Ilustrasi.
JAKARTA, DDTCNews - Ahli dari pihak pemerintah dalam sidang uji materiil UU 1/2022, Wakil Rektor II Universitas Andalas Hefrizal Handra menilai tarif pajak yang lebih tinggi atas jasa hiburan pada diskotek, karaoke, kelab malam, bar, dan mandi uap/spa tidaklah diskriminatif.
Hefrizal mengatakan tarif pajak barang dan jasa tertentu (PBJT) atas jasa karaoke, diskotek, bar, kelab malam, dan mandi uap/spa bukan kebijakan diskriminatif lantaran tidak ditujukan untuk kelompok masyarakat tertentu, tetapi untuk mereka yang mengonsumsi kelima jasa tersebut.
"Memang pada akhirnya harga yang tinggi akan menyebabkan konsumen yang menggunakan akan tersegmentasi kepada kelompok yang punya kemampuan bayar. Namun, itu tidak dapat dianggap sebagai tindakan diskriminatif," katanya di hadapan MK, dikutip pada Rabu (11/9/2024).
Bila tarif PBJT sebesar 40% hingga 75% atas jasa hiburan di diskotek, karaoke, kelab malam, bar, dan mandi uap/spa dipandang bersifat diskriminatif, pengenaan PPnBM dengan tarif tinggi yang selama ini diberlakukan oleh pemerintah pusat juga bisa dianggap diskriminatif.
Tak hanya itu, pengenaan PPh dengan tarif yang lebih tinggi terhadap mereka yang berpenghasilan tinggi juga bisa dianggap diskriminatif.
Hefrizal pun menekankan perbedaan tarif tidak bisa dianggap sebagai diskriminasi karena salah satu tujuan pajak ialah untuk meredistribusikan pendapatan dari orang kaya ke orang miskin.

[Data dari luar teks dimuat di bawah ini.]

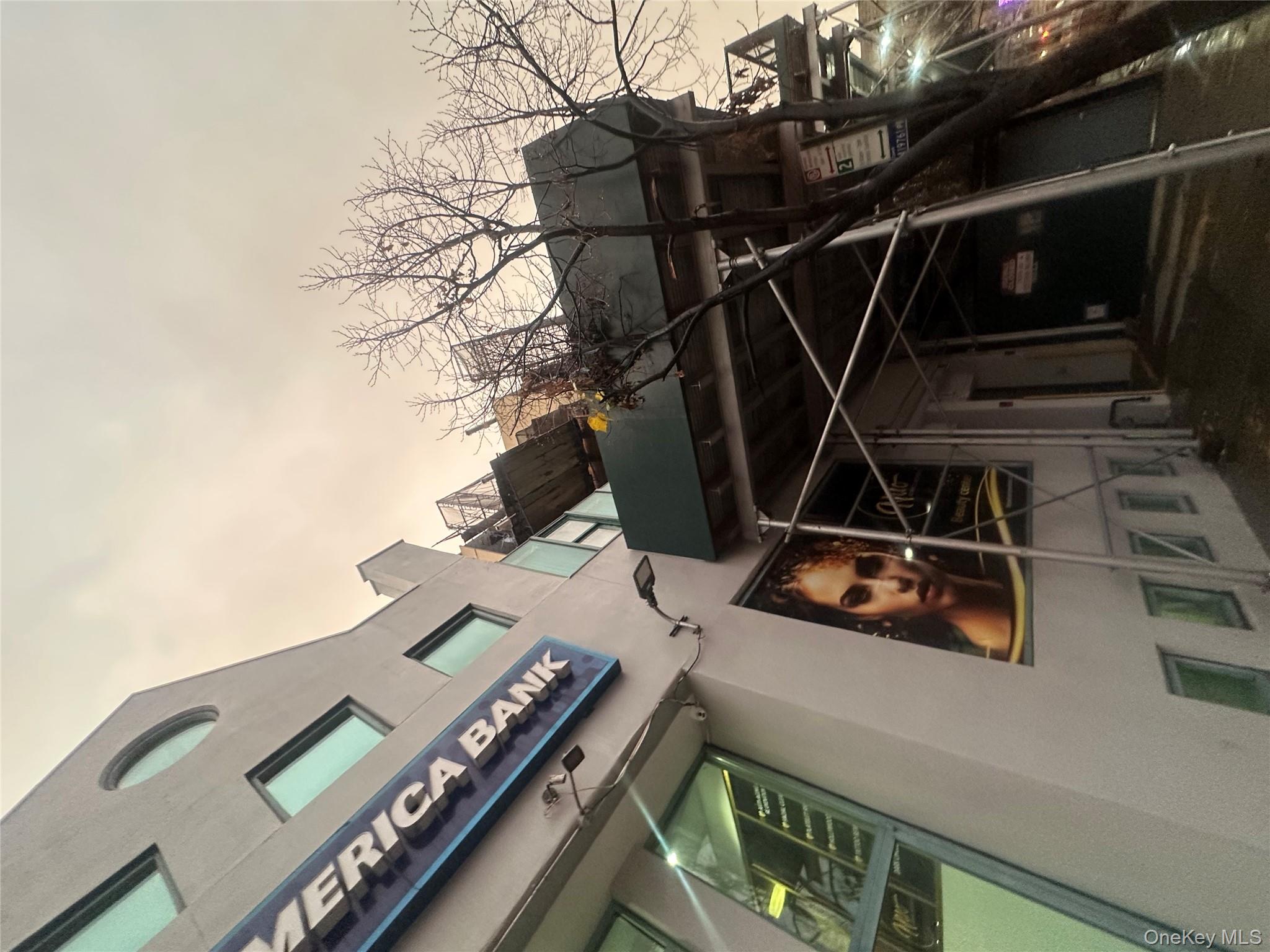 #11 photo, 4322 50th Street, Sunnyside , NY 11377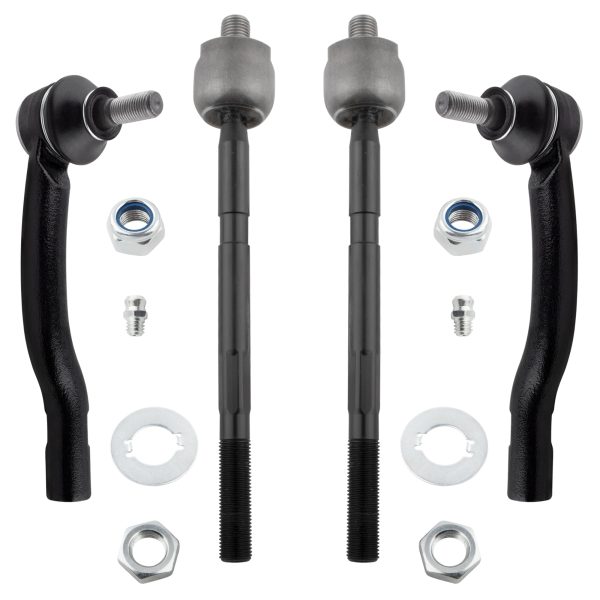 BXM600070054-4-1 BXM600070054-4-1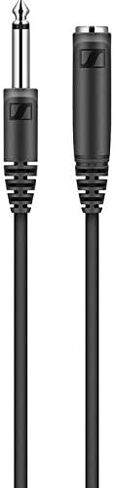 مجموعة قاعدة أدوات Sennheiser XSW-D مع شاحن RAVPower Luster بقدرة 6700 مللي أمبير في الساعة وأشرطة تثبيت (حزمة من 10 قطع) in Kuwait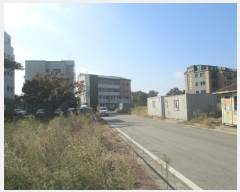  2023Ÿ76343  ȭ ȸ  46-28      ()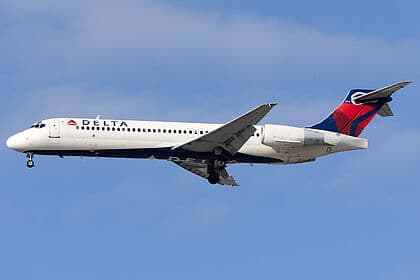 N977AT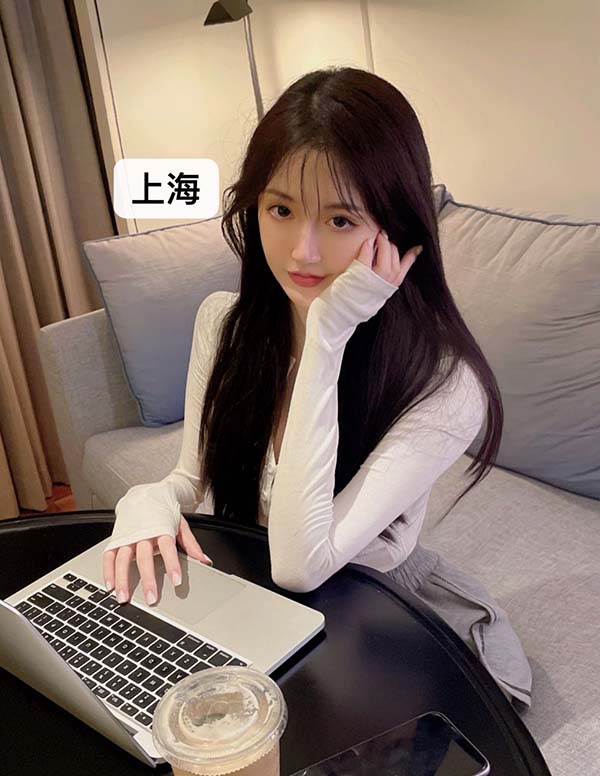 曼谷高端伴游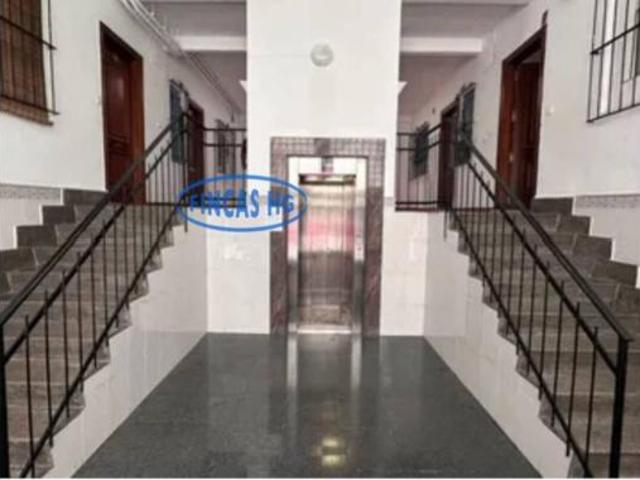 Piso Venta Alicante Alacant, Nou Alacant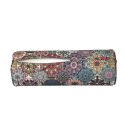 Poduszka Wałek - VALENCIA - Ø15x40 cm Poduszka Wałek - VALENCIA - Ø15x40 cm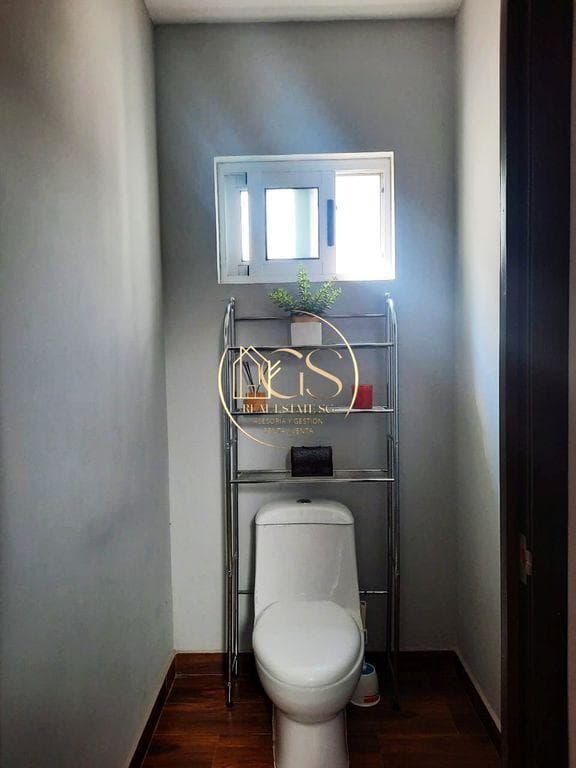 HOUSE FOR SALE IN QUINTAS SANTA MARIA, CELAYA
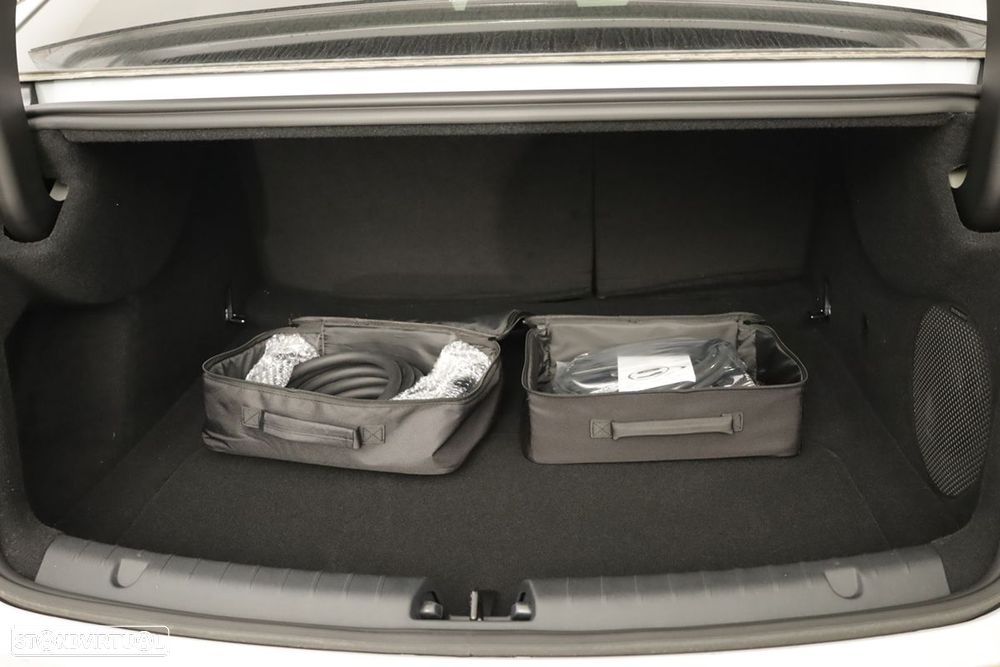 BYD Seal 82.5 kWh Design - 25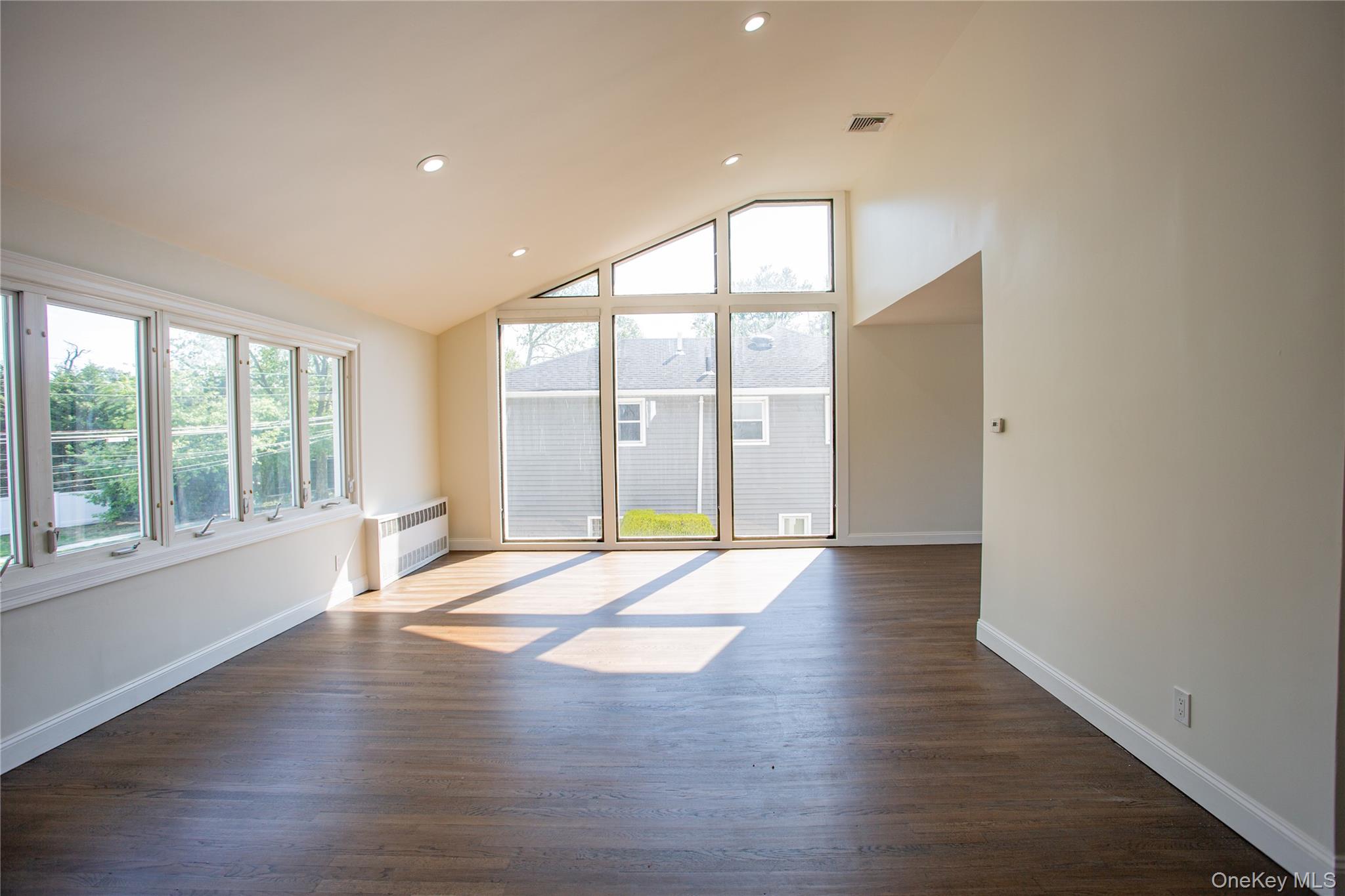 988 Westwood Road Property Photo 18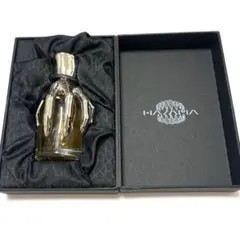 2026年最新】惹きずり込まれる運命の香水の人気アイテム - メルカリ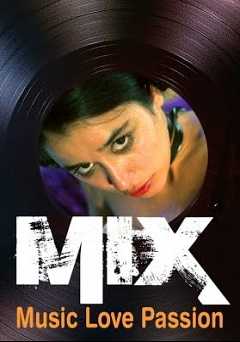 Mix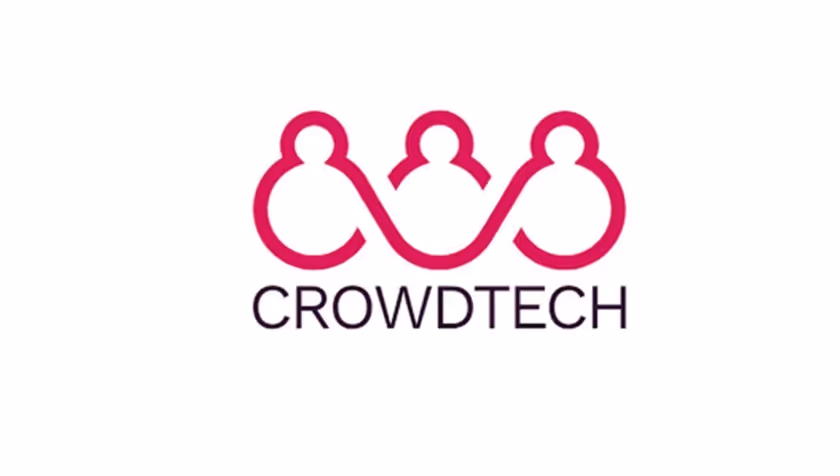 Crowdtech Survey User Training (EN) 12 March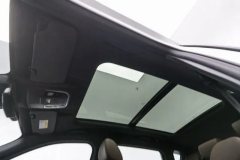 2018 Haval H6 2017 Blue Label 1.5T AT 2WDSmart Fashion #18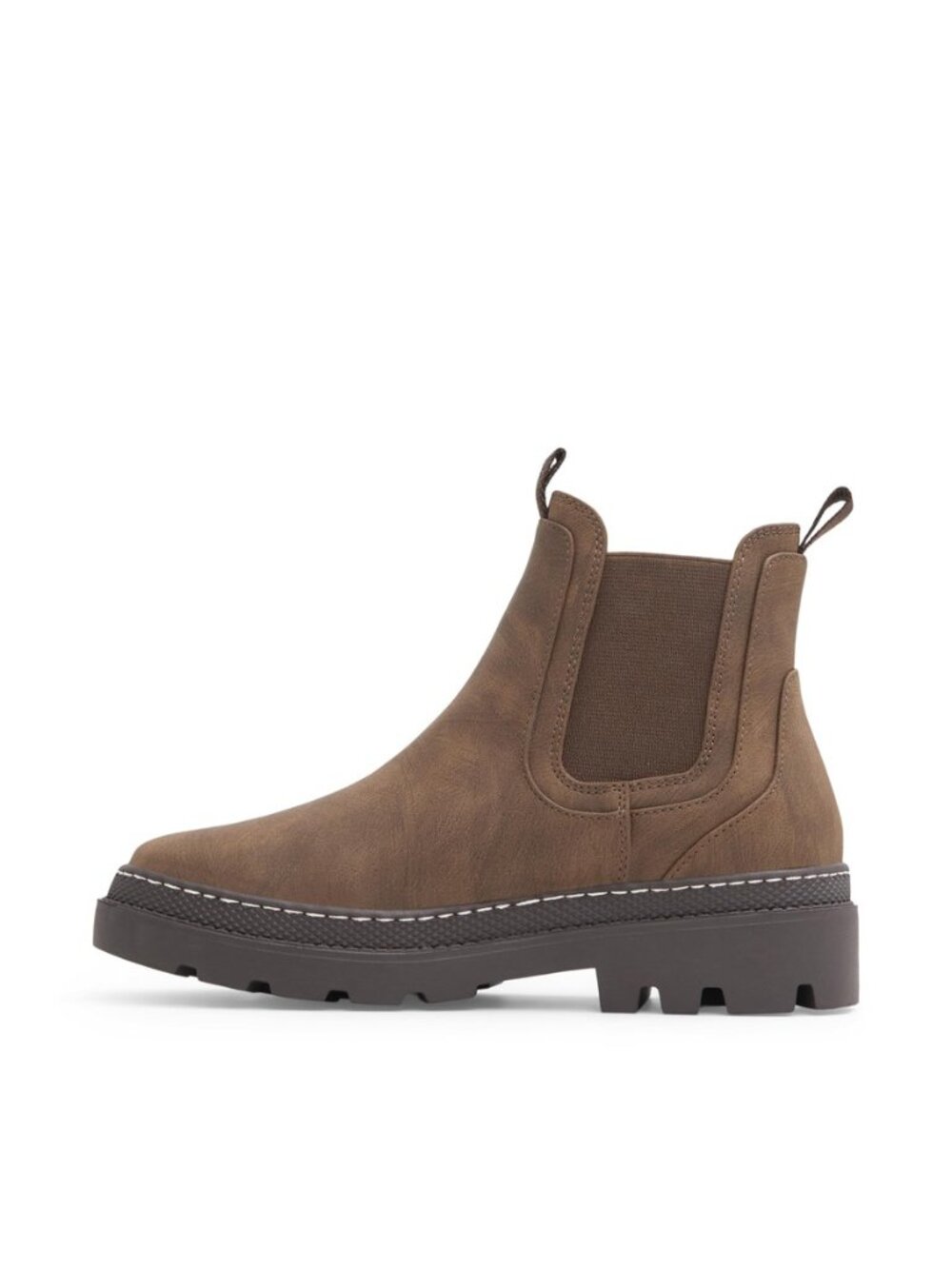 Women's Wonderland Ankle Boot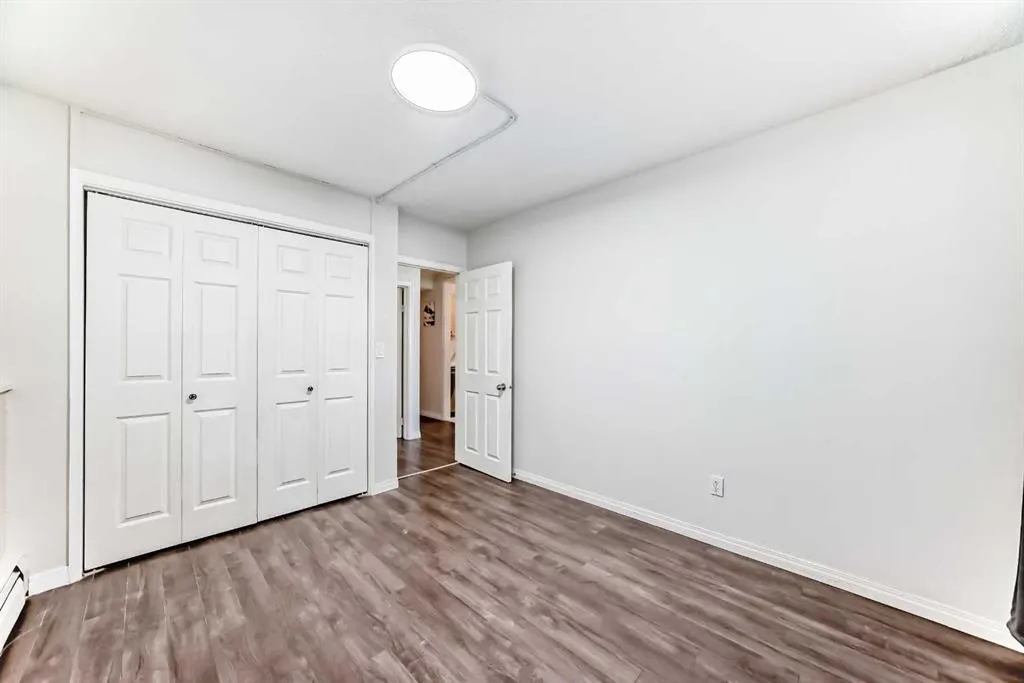 2111 14 Street SW, #101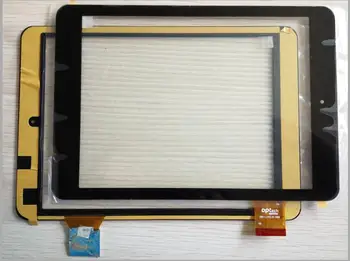 

100%Original New New 8" inch 300-L4461A-A00 Tablet Touch screen panel Digitizer Glass Sensor for ONDA V811 Mini Replacement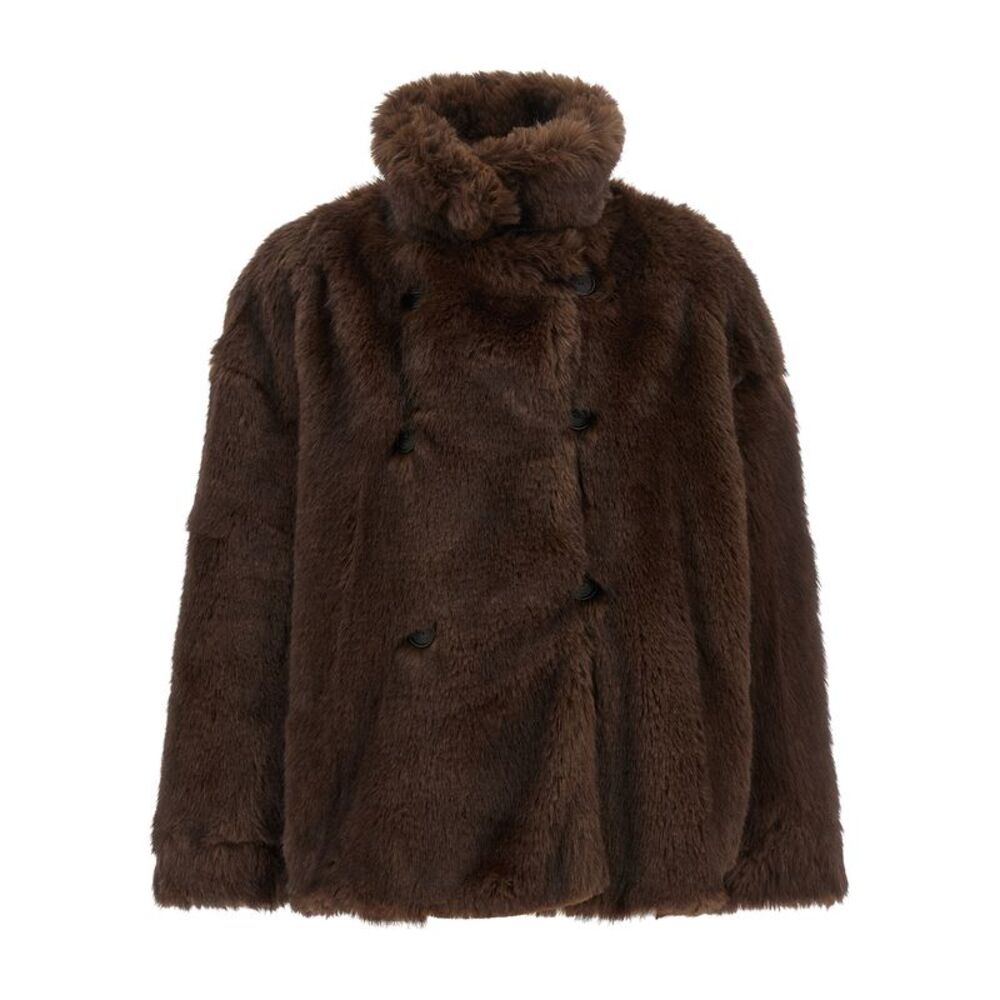 Thelatest Women 'Emma' Fur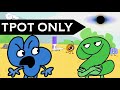 BFB But NO BFB Contestants Exist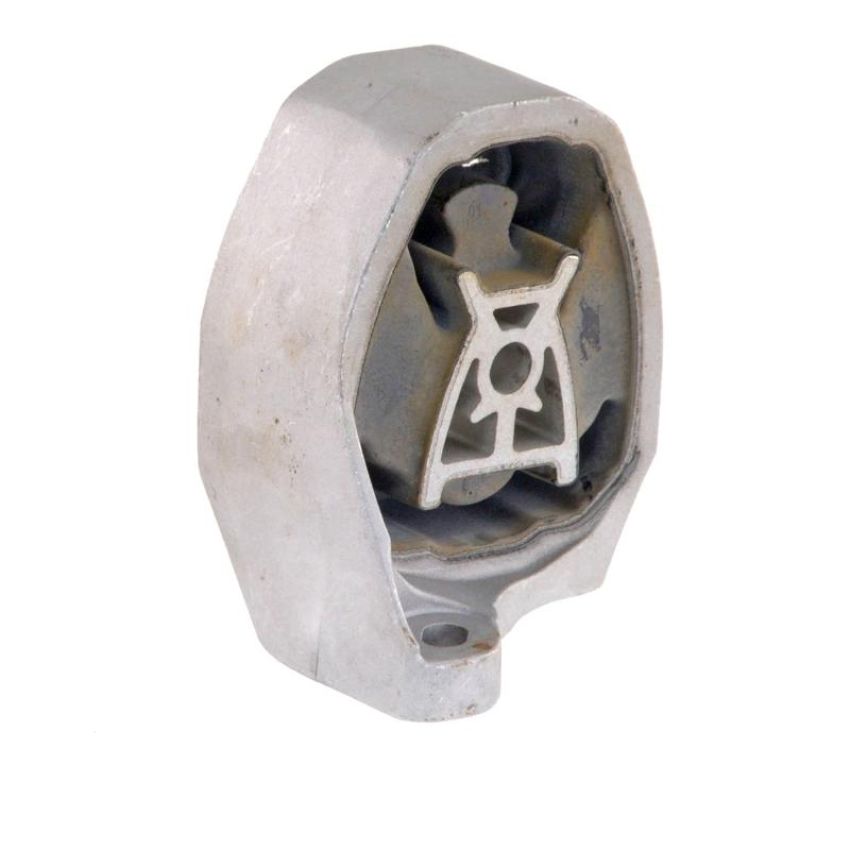 ANCHOR MOUNTS 10265 ENGINE MNT REAR RIGHT LOWER,REAR,REAR RIGHT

Lebih lanjut, dia menilai pengenaan PBJT dengan tarif yang lebih tinggi di diskotek, karaoke, kelab malam, bar, dan spa sudah memenuhi konsep keadilan vertikal. Dengan konsep ini, kelompok yang memiliki ability to pay lebih tinggi perlu dikenai pajak dengan tarif lebih tinggi.
Mengingat jasa hiburan di diskotek, karaoke, kelab malam, bar, dan spa dikonsumsi oleh masyarakat berpenghasilan tinggi, bukan masyarakat umum maka pengenaan PBJT dengan tarif 40% - 75% atas 5 jasa tersebut sudah memenuhi konsep keadilan vertikal.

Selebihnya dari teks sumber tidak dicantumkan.